Exercise directions: Only the lines below from the one that contains "Hi, this is Becky, the" through the one that contains "Hi, this is a" should appear in your answer, exact and without pictures.

Material provided:
◇ ◇ ◇
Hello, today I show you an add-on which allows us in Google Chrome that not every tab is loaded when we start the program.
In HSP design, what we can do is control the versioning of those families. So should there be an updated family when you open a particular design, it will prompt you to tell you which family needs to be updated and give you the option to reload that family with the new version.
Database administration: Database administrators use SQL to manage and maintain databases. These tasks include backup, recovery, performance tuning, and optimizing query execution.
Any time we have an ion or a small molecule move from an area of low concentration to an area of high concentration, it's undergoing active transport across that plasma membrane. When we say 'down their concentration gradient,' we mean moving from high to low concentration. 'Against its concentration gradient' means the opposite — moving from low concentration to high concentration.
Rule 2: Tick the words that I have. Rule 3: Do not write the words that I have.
◇ ◇ ◇
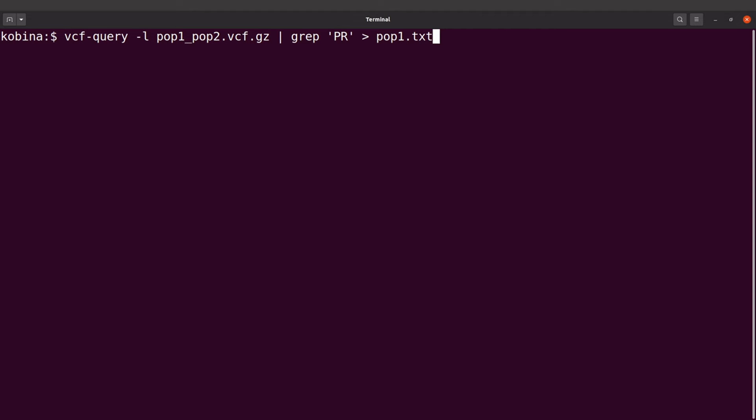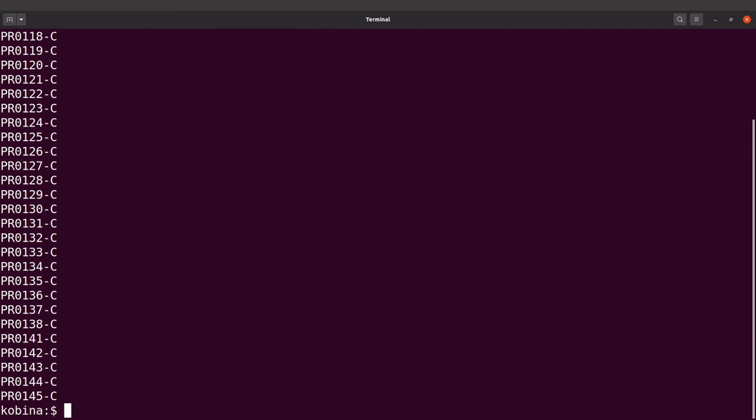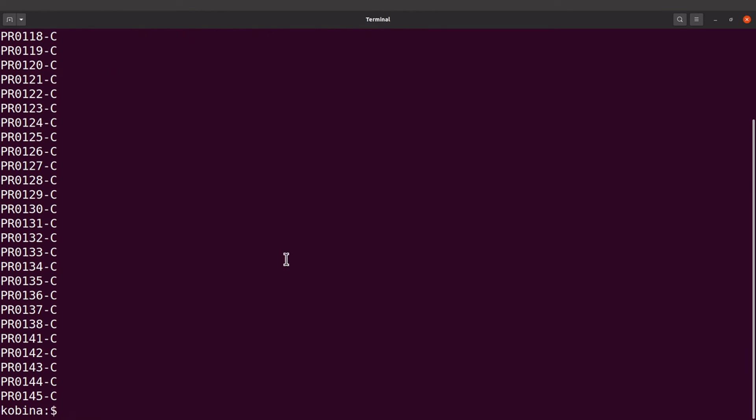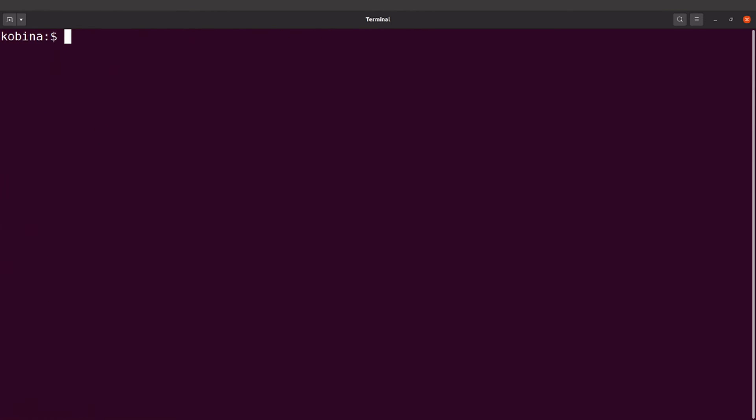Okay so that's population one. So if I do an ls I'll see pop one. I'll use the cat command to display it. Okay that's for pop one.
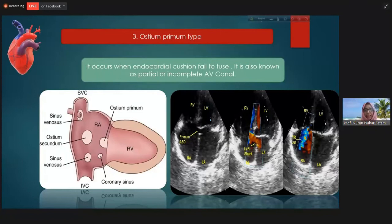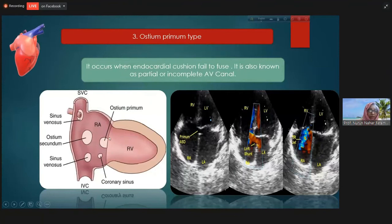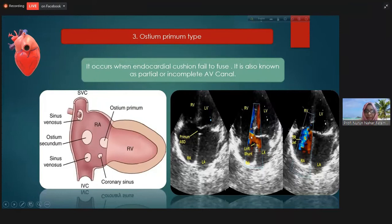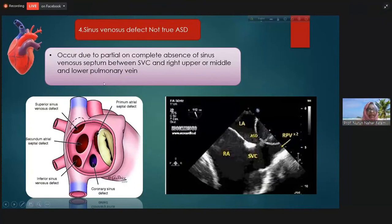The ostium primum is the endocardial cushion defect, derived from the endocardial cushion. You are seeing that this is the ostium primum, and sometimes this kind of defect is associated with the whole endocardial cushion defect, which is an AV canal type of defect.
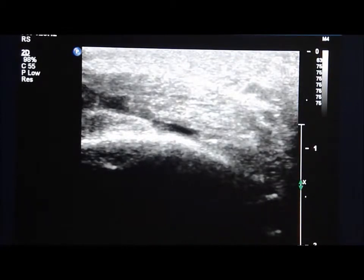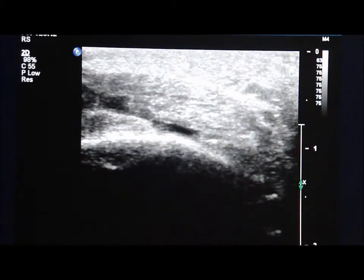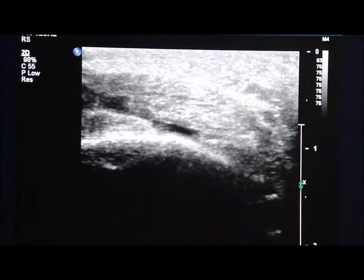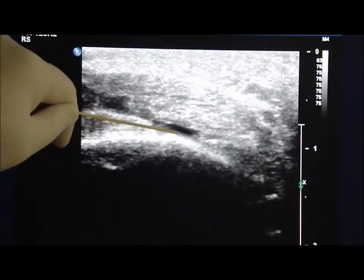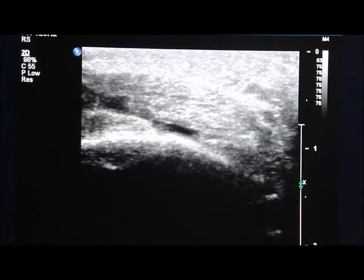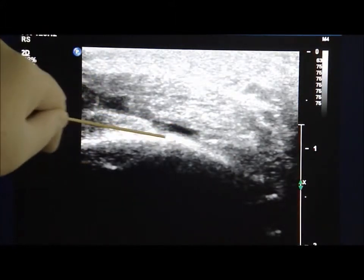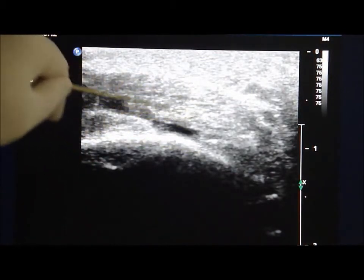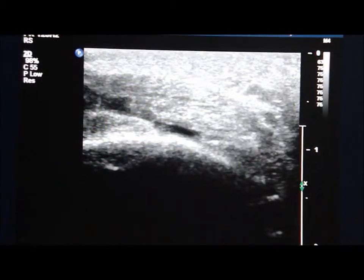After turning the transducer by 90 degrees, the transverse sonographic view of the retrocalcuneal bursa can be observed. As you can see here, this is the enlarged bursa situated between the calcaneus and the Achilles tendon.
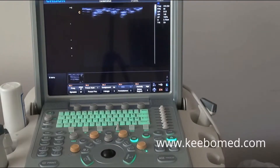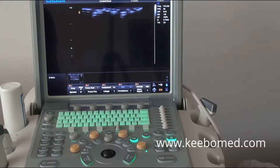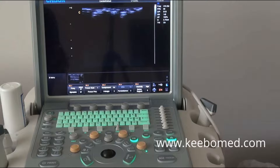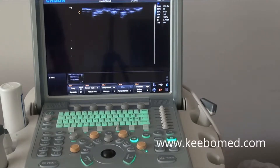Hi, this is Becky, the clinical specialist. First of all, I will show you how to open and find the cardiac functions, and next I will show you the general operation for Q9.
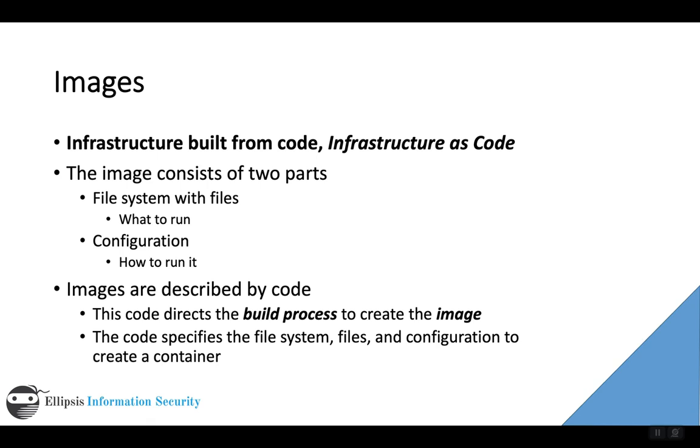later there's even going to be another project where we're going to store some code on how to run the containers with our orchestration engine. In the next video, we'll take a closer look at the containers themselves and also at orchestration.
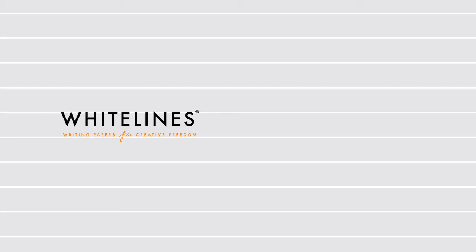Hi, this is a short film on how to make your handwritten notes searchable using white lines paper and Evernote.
◇ ◇ ◇
Answer to this exercise:
Hi, this is Becky, the clinical specialist. First of all, I will show you how to open and find the cardiac functions, and next I will show you the general operation for Q9.
later there's even going to be another project where we're going to store some code on how to run the containers with our orchestration engine. In the next video, we'll take a closer look at the containers themselves and also at orchestration.
Hi, this is a short film on how to make your handwritten notes searchable using white lines paper and Evernote.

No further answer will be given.